* _TASK_:
After dropping the pictures, give again exactly the lines of the data from its first line through the line with "-Wagas沃歌斯(正大乐城店)", which is included as well.

(Recorded data)
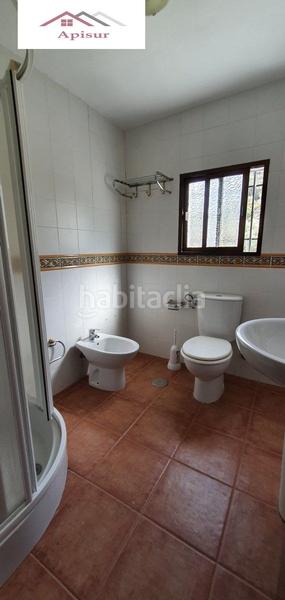 Foto 1e75bea9-7875-4106-93ca-067e5802bef7. Mas avec piscine dans Ctra. Circunvalación - La Magdalena Jaén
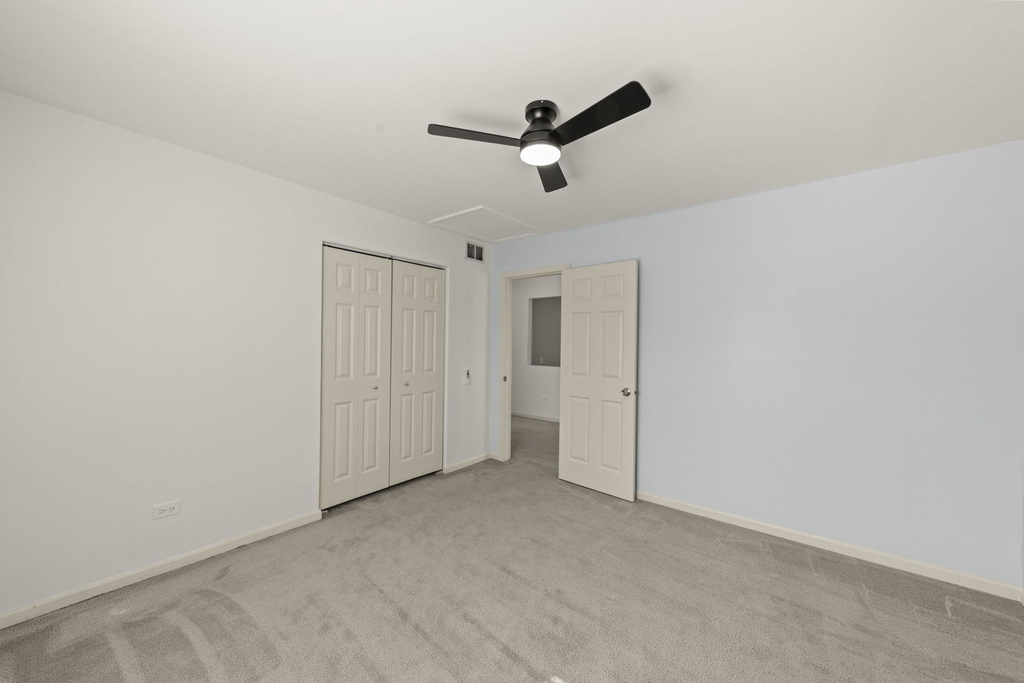 2430 Caton Crest Court - Photo 18
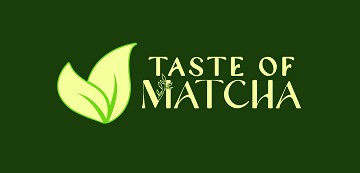 Taste Of Matcha: Exhibiting at Cafe Business Expo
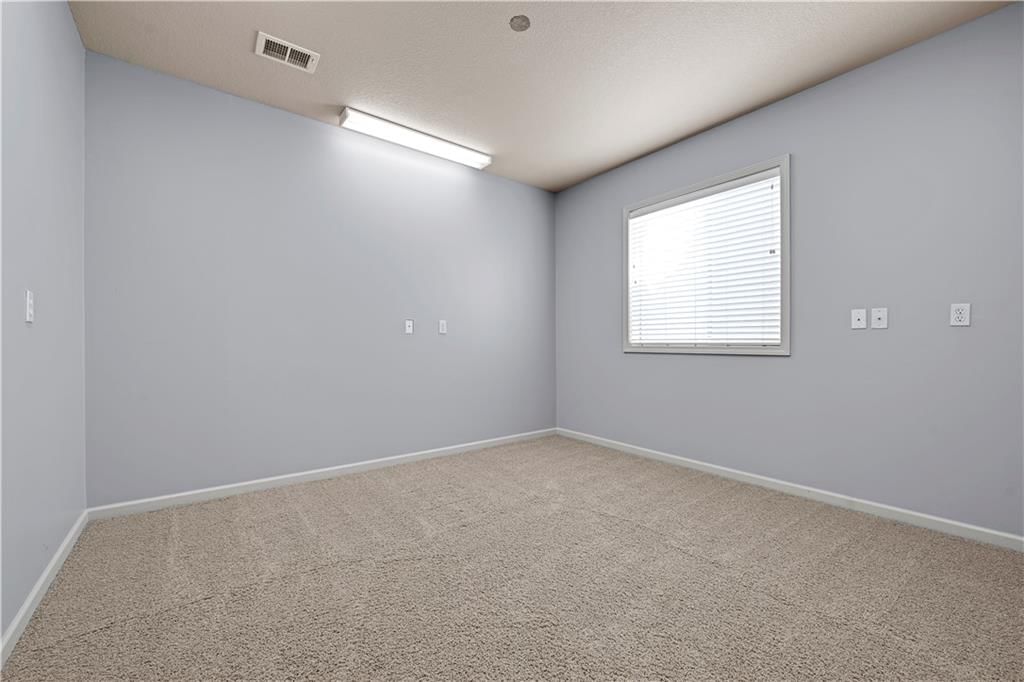 11108 W 132nd Place — photo 42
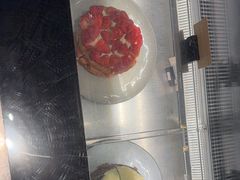 -Wagas沃歌斯(正大乐城店)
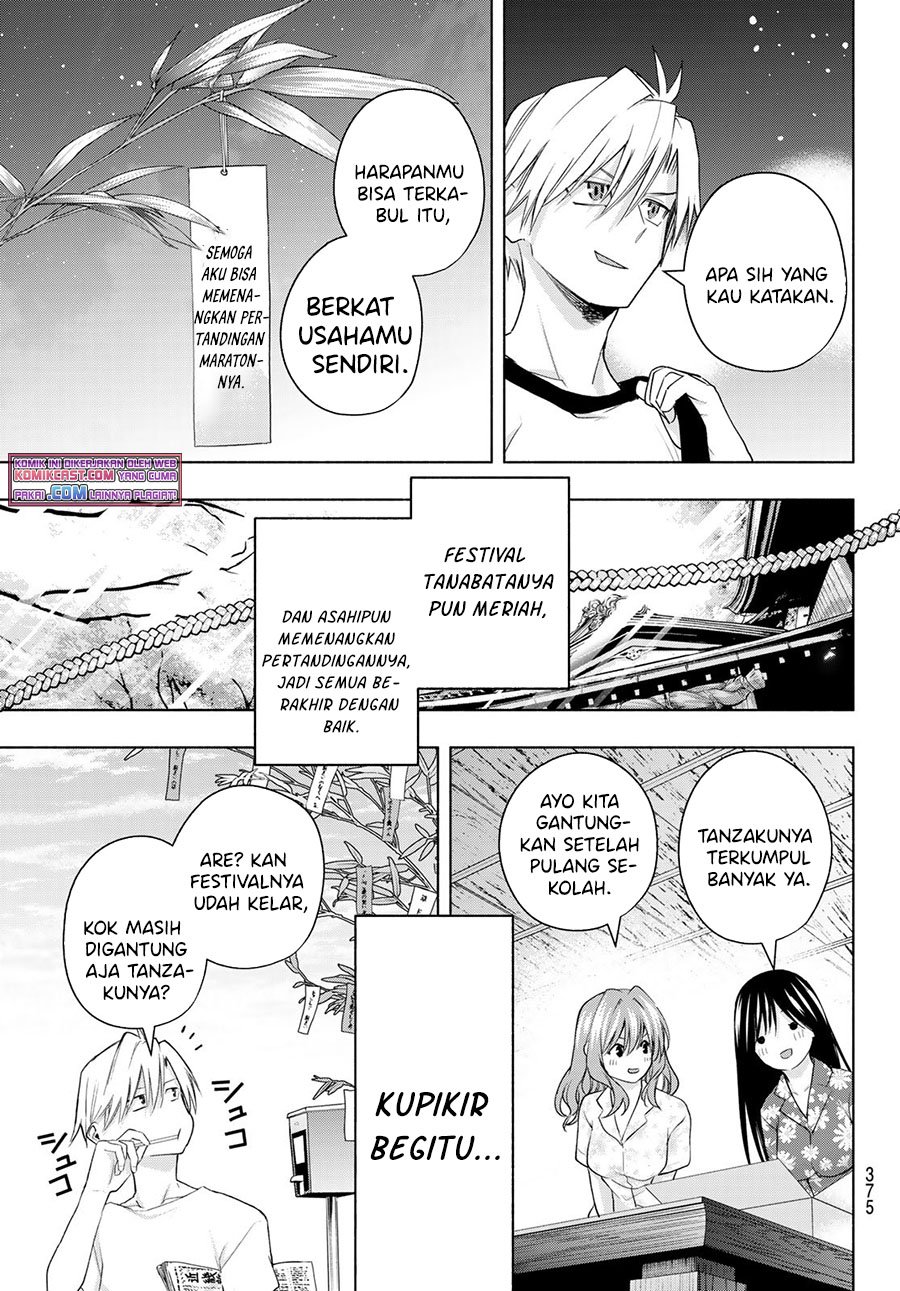 Chapter 43 - halaman 21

* _OUTPUT_:
 Foto 1e75bea9-7875-4106-93ca-067e5802bef7. Mas avec piscine dans Ctra. Circunvalación - La Magdalena Jaén
 2430 Caton Crest Court - Photo 18
 Taste Of Matcha: Exhibiting at Cafe Business Expo
 11108 W 132nd Place — photo 42
 -Wagas沃歌斯(正大乐城店)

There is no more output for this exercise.